If there is a winning strategy for Player 2, then Player 1 can use it! He just ignores his own first move and after the first move by Player 2 he imagines that they switched roles. It has to be checked now that the first extra move doesn’t bother Player 1, but it is an element of his colour, so it certainly cannot help player 2 to win. If he has to play later on the same place as the first extra move occurred, he just picks some random element, since the needed move is already made. $$\,\,\,\,\,\,\square$$

Note that there is a huge difference between the proofs of Theorems 1 and 2. The proof of Theorem 1 is constructive: it provides a strategy. So once it has been understood, one can easily win the $$3^3$$-tic-tac-toe being in the position of Player 1. But the proof of Theorem 2 is not constructive. Hence, even if you know that your playing board satisfies the conditions of Theorem 2 (i.e. there’s never a draw) and you fully understand the proof, there is still no hint of how actually to play in order to win (being Player 1).

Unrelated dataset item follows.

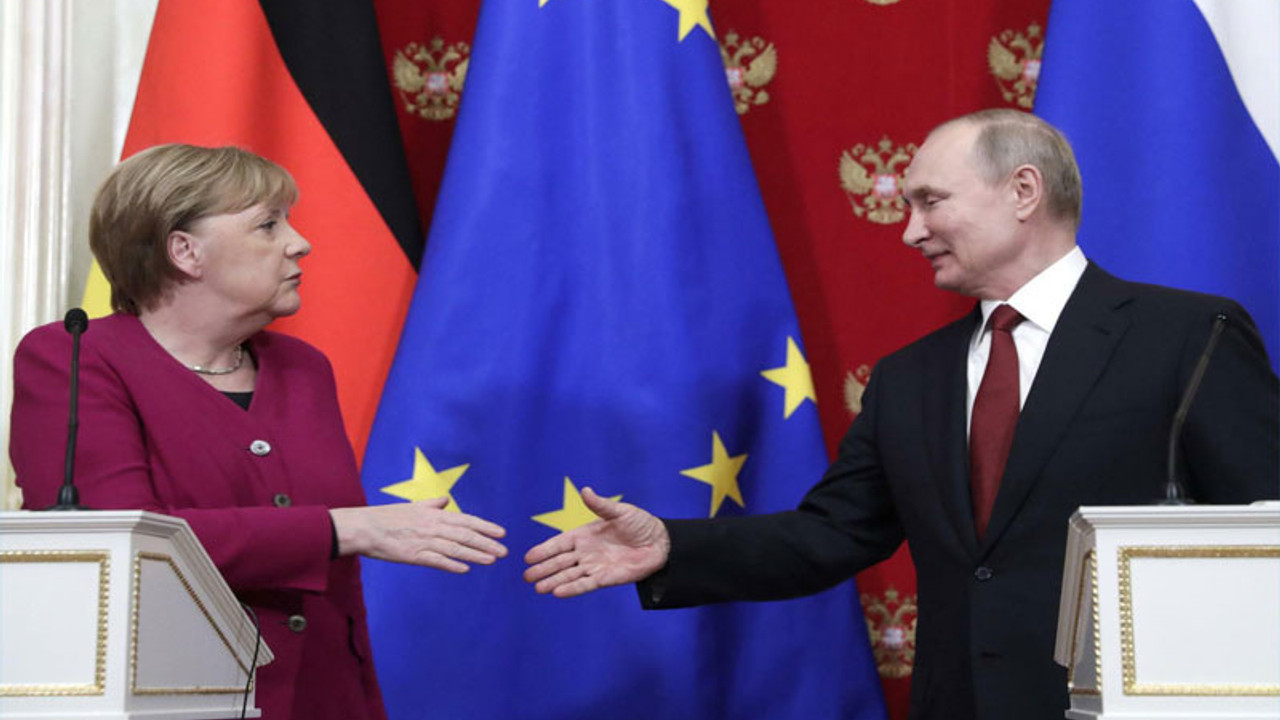 Merkel ve Putin ortak aşı üretimini görüştü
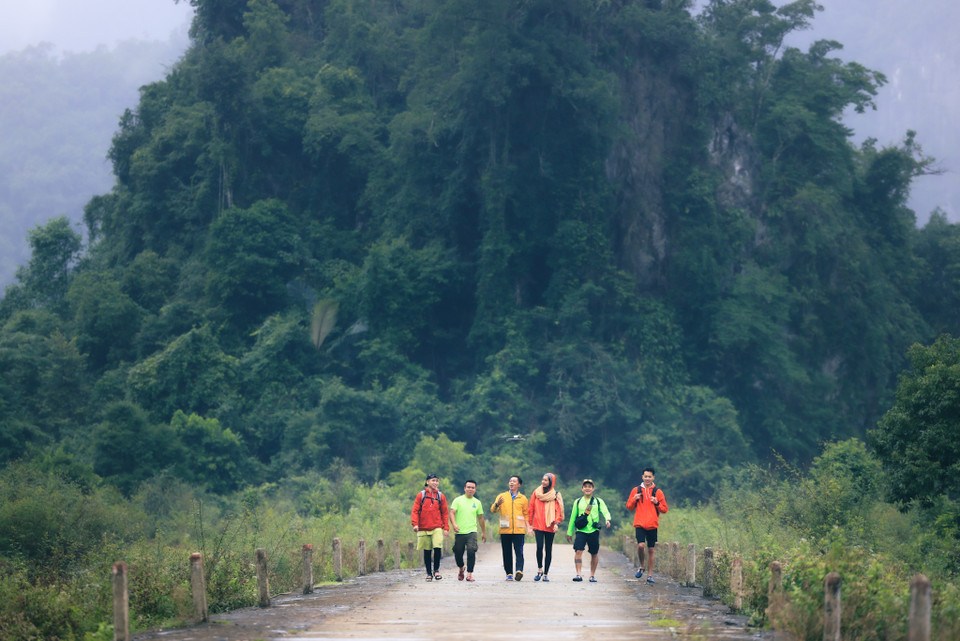 Trong điều kiện vô cùng đặc biệt, Á hậu Hoàng My cùng với 5 travel blogger nổi tiếng gồm: Quỷ Cốc Tử (Ngô Trần Hải An), Trần Đặng Đăng Khoa, Huy Hay Đi, Huy Cung và Thanh Cường là những du khách đầu tiên đặt chân tới Quảng Bình trong chuyến du lịch ‘mở cửa’ này. (Ảnh: Vietnam+)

But how do we know whether two given numbers k and n satisfy the premise of Theorem 2? It is certainly a hard question, but at least it is known that for each k there exists an n such that the pair k, n meets the requirements. Since a combinatorial line is a special case of a d-line the following result of Ramsey theory applies as well to our case:

Theorem 3 (Hales-Jewett). Let k be a positive integer and $$A=\{0,\dots,k-1\}$$. Then there exists a natural number $$n$$ such that whenever the elements of the cube $$A^n$$ are coloured with two colours, there is a monochromatic combinatorial line, i.e. a combinatorial line with all elements being the same colour. $$\,\,\,\,\,\,\square.$$

The least such number is denoted by $$HJ(k)$$. The general proof of this theorem gives $$HJ(3)\leqslant 8$$. Hindman and Tressler proved that $$HJ(3)=4$$. Their proof is quite detailed though.

But since we are interested in d-lines, not only combinatorial lines, let us define the function $$HJ^*$$ such that $$n=HJ^*(k)$$ is the least natural number such that any two-colouring of $$\{0,\dots,k-1\}^n$$ contains at least one monochromatic d-line. Equivalently $$HJ^*(k)$$ is the least dimension in which $$k^n$$-tic-tac-toe cannot be a draw. Clearly $$HJ^*(k)\leqslant HJ(k)$$. I found that $$HJ^*(3)=3$$. But it is a bit easier to show that $$HJ^*(3)\leqslant 4$$. The following elegant proof is due to Kerkko Luosto. Using the lemma below, the dedicated reader may verify that $$HJ^*(3)=3$$.

Theorem 4 $$HJ^*(3)\leqslant 4.$$

We will talk in terms of draw positions. The claim is that there is no draw position in $$3\times 3 \times 3\times 3$$. The key idea is that if there were a draw position in $$3\times 3 \times 3\times 3$$, then whenever we took a 3-dimensional subcube, the induced colouring would be a draw position on this subcube.

Lemma. Consider a draw position on the $$3^3$$-cube. Then the points $$(1,1,0)$$ and $$(1,1,2)$$ cannot have the same colour.

Proof. So here $$A=\{0,1,2\}$$.
One easily verifies that up to rotation and mirror symmetries and switching colours the following picture gives the unique draw position in a $$3\times 3$$-grid assuming that two horizontally opposite squares in the middle row have the same colour. So assuming that our $$3\times 3\times 3$$-grid has $$(1,1,0)$$ and $$(1,1,2)$$ of the same colour, it implies that the middle subsquare $$\{(1,x,y)\mid x,y\in A\}$$ is coloured as in the picture above. This implies the same for the subsquares $$\{(x,0,y)\mid x,y\in A\}, \{(x,1,y)\mid x,y\in A\}$$ and $$\{(x,2,y)\mid x,y\in A\}$$. There is only one way (up to symmetry) to do this without introducing monochromatic colours on the subsquares $$\{(0,x,y)\mid x,y\in A\}$$ and $$\{(2,x,y)\mid x,y\in A\}$$. But now there is a monochromatic diagonal ((0,0,0),(1,1,1),(2,2,2)). See the picture below. $$\,\,\,\,\,\,\square$$ Suppose now that there is a draw position on 3x3x3x3. By the previous lemma it means that no matter what 3-dimensional subcube we take, it cannot have the same colour at opposite points. Consider the following three subcubes of 3x3x3x3:

$$\{(x,y,z,z)\mid x,y,z\in A\}$$
$$\{(x,y,z,2)\mid x,y,z\in A\}$$
$$\{(x,y,0,z)\mid x,y,z\in A\}$$

Suppose the colour of the point (1,1,0,0) is X. Then using the first subcube we have that (1,1,2,2) must be 0. Using the second subcube this implies that (1,1,0,2) must be X and now using the third subcube this implies that (1,1,0,0) must be 0. A contradiction! $$\,\,\,\,\,\,\square$$